It is hard to liken Sharad Pawar to anything so slender and agile as a cat. Yet, in the manner in which the NCP leader and agriculture minister has been struggling to articulate his ‘conscientious objection’ to the Food Security Bill, he resembles nothing so much as the “cat i’ th’ adage” that Lady Macbeth alluded to. That cat, as is well-known, loved fish, but was afraid to get its paws wet in the water. It, therefore, lived, in Lady Macbeth’s colourful turn of phrase, like a “coward… letting ‘I dare not’ wait upon ‘I would’” – conflicted between a desire to act and an unwillingness to strike.

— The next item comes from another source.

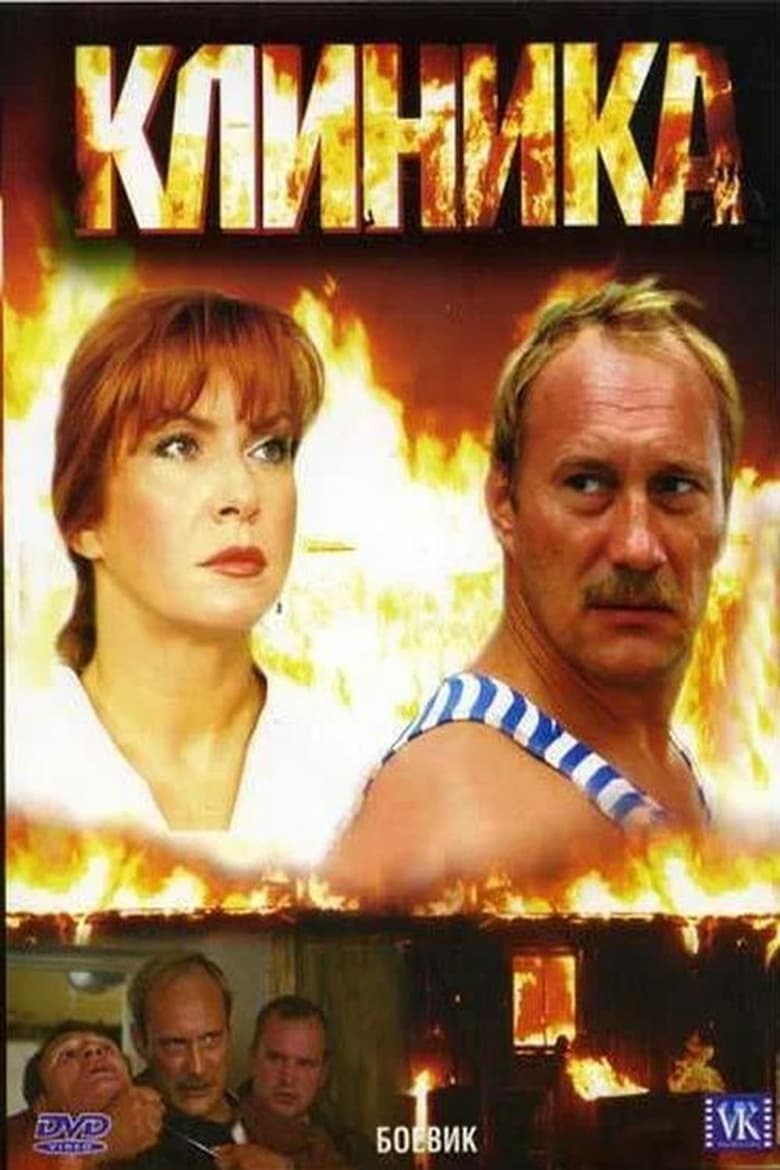 Poster of Klinika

Likewise, with Pawar, there is something for which he yearns in the realm of power, in which proxy cause he repeatedly invokes his opposition to the Food Security Bill, the welfare measure that’s so dear to Sonia Gandhi’s heart. Yet, for all his valour as a Maratha strongman, he can’t seem to spit it out in full, and ends up waffling incoherently.
In Nagpur on Monday, Pawar returned to a drum that he’s been banging away at for a while now: the sheer unsustainability of “populist” schemes like the provision for food security and the NREGA rural employment guarantee programme.
Such schemes, he said, required serious re-consideration, particularly the proposal to provide foodgrain at concessional rates to 68 percent of the population. While he conceded that there was social merit in providing food subsidies to the very poor, and he approved of such welfare measures in principle, the wisdom of covering nearly 70 percent of the population was open to challenge, he added.
According to this report, Pawar said that the new food security scheme would require a subsidy of Rs 1.1 lakh crore to implement it. “This puts an unbearable strain on the already precarious financial situation and a huge burden on the Union budget,” he added.
In any case, Pawar pointed to a larger philosophical failing in extending the coverage of the food security provision to such a large section of the population. “If we project that nearly 70 percent of the population needs such dole, the question that would inevitably crop up is: what we have done in the past 65 years to alleviate poverty?” It reflected rather poorly on “our economic achievements”, he added.
Pawar makes a sound political argument when he reasons that the Congress, as the party that has been in power for much of these 65-plus years since independence (either by itself or as the head of a coalition), has much to answer for for the state of the nation if up to 70 percent of the population needs to be serviced by welfare measures with unsustainably high price tabs attached to them.
The Food Security Bill envisages provision of wheat at Rs 2 a kg (barely a tenth of the current procurement cost of Rs 18 a kg). In his recent speech before the National Development Council, Pawar pointed out that the economics of the programme were so skewed that a failure to secure a good price for marketable surplus of wheat would incentivise farmers to migrate to other crops, which would impair food security and compel India to import wheat.
As for NREGA, Pawar pointed to a regressive ‘unintended consequence’ of the rural employment guarantee scheme: an erosion in the “work culture” in rural areas. He claimed that given the current level of NREGA wages, labour productivity in the rural areas, raising which ought to have been the desired goal, was being negatively impacted. Agricultural wages had shot up because far fewer farmhands were available since, he said, “most men are simply enjoying the benefits and sitting idle.”
That narrative, painting a picture of rural agrarian life as idyllic, perhaps overstates the case, and possibly reflects in some measure Pawar’s defence of the interests of the landed gentry class. Even so, the contributory role that schemes like NREGA have played in the decline of agricultural labour productivity has been sufficiently well-established.
For all these reasons, Pawar reasoned, schemes like NREGA and the Food Security Bill required careful reconsideration, since unsustainable spending on such big-scale projects would prove ruinous, particularly given the country’s straitened fiscal situation.
It requires political fortitude in some measure for a regional leader with the backing of only a handful of MPs to target schemes that are, in a sense, Sonia Gandhi’s favoured ones. As Firstpost has noted earlier, the Food Security Bill is a political project intended to secure the UPA’s re-election (in much the same way that the NREGA greased the tracks for the return of the UPA in 2009), and for that reason, it has encountered little meaningful opposition within the Congress.
Yet, Pawar’s repeated but ineffectual protestations over the Food Security Bill—and his seeming unwillingness to escalate the battle—only resemble the exertions of the conflicted cat in the Lady Macbethian narrative. There may have been a time when Pawar would have been able to up his game, perhaps even dreamt of prime ministerial ambitions. But today, even he is aware of his powerlessness within the UPA — and is given to public airing of grievances merely to assure himself that he is still relevant.
At a meeting in Nagpur on Monday, Pawar shared the dais with Nitin Gadkari, who was recently eased out as BJP president, but with whom the NCP shares, as Arvind Kejrial established, a cosy business relationship that transcends beyond notional political rivalries. That relationship also offers something of an exit clause for Pawar and the NCP – in case the arithmetic of the next Lok Sabha requires them to realign their political affiliations. Cats have nine lives; so too do political leaders who are politically nimble and agile.